Channelling aspirations towards fulfilment

Opinion Wednesday 18/August/2021 19:37 PM
By: Dr Baby Sam Saamuel
Channelling aspirations towards fulfilment

“What do you want to be?” – is a question that the world asks of us and that we ask ourselves around Grade 12. But, unfortunately, as we grow older and enter a career industry, we assume that we have found the answer and stop reflecting on this question.

But we humans are here on Earth on a journey to be our personal best version. And for that to happen, we need to ask this of ourselves every single day. “What do I want to be?” What kind of a person do I want to become tomorrow? “What would I be if I could be anything?”

Goal setting has been hailed as one of the crucial elements of improving our happiness & well-being. Psychology researcher Sonja Lyubomirsky, in her book, The How of Happiness, talks about several benefits that goal setting can have on our well-being. These include the sense of purpose and a feeling of control they bring to our lives; the increase in our self-esteem; the structure and interest it adds to our daily lives; the grounding it offers us, the social connections they lead to and so on.

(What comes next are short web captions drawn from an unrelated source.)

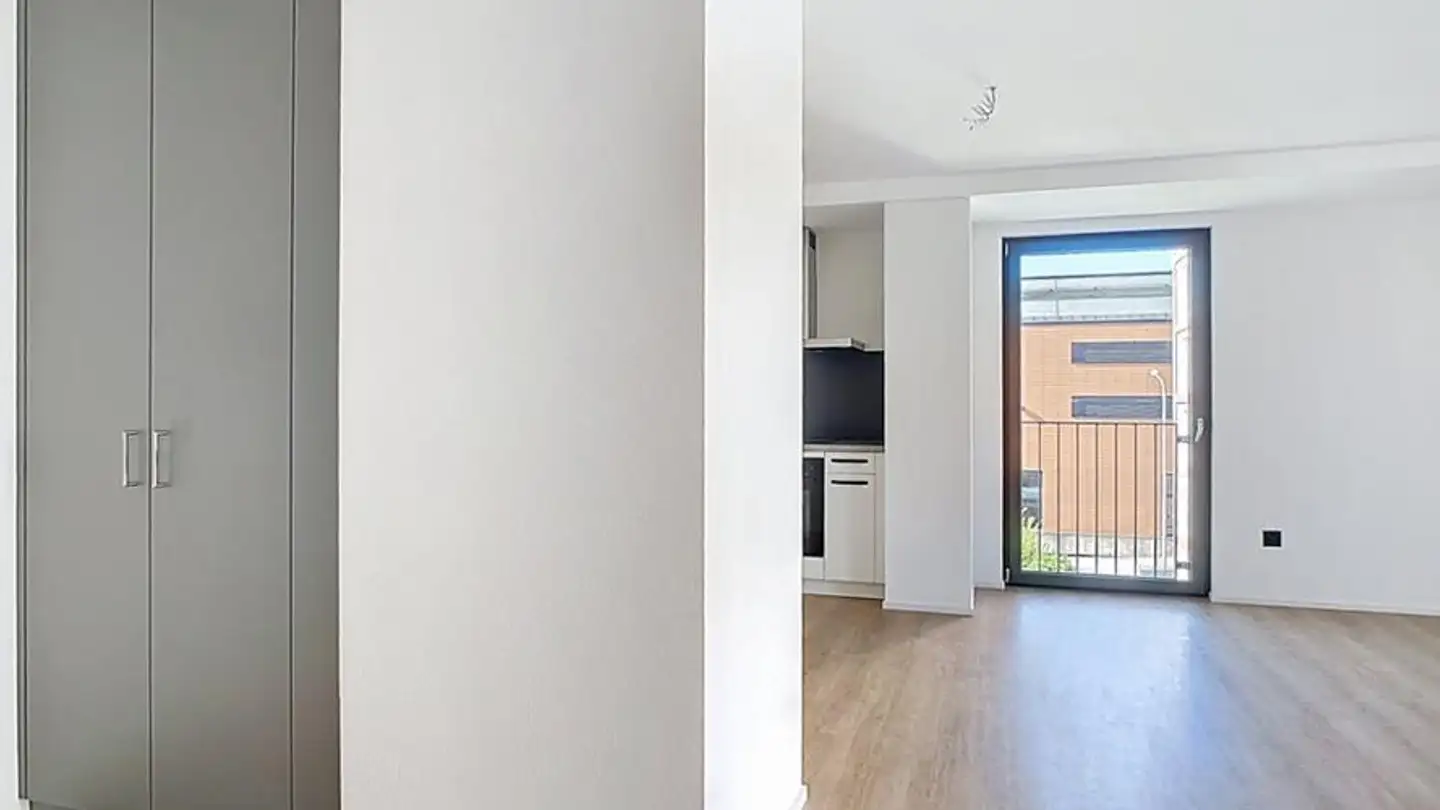 Apartment for rent - Avenue Léopold-Robert 145, 2300 La Chaux-de-Fonds - Photo 3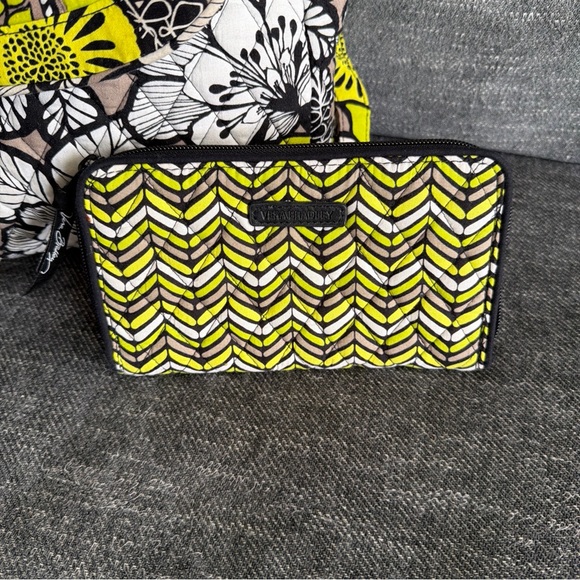 Vera Bradley Change it Up Backpack Tote:Wallet Black/Yellow Retired Island Bloom - Picture 2 of 11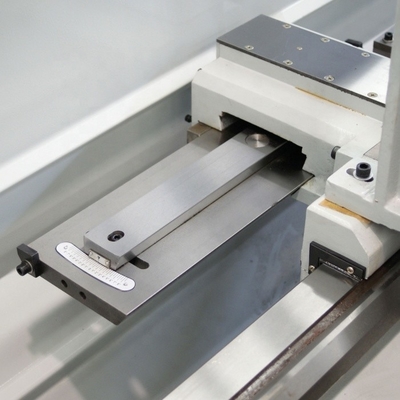 Máquina de torno manual de alta precisión con velocidad de eje 25 2000 rpm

Vision, Mission & Life Goals
Most businesses have a publicised Vision and Mission statement. And although, at times, it may feel more of a cliché than a genuine reflection of the organisational identity, these statements do actually serve a very crucial objective. The ‘Vision’ underlines the long term goal in terms of the futuristic impact it aims to make. On the other hand, the’ Mission’ highlights the purpose and relevance of the business as actionable, shorter-term goalposts in the journey towards achieving the overarching vision.
Likewise, we must sift through our interests and passions and create a manifesto of meaningful life goals. A larger vision for our life towards which you move forward through smaller mileposts of intrinsic goals.

Most people, out of necessity and otherwise, tend to limit our ambitions to extrinsic ones – the kind that makes us conform to others’ expectations or standards of success. These may be attaining good grades, getting a high paying salary, or buying a fancy car - dreams that are external signs of self-worth. On the other hand, intrinsic goals such as those related to personal growth, relationships, community engagement or other personally meaningful objectives are deeply connected to our passions, interests and core values. Research has shown that prioritising intrinsic aspirations can increase our happiness, self-esteem and overall well-being because they foster our fundamental need for autonomy, competence, and relatedness - who we are as a person.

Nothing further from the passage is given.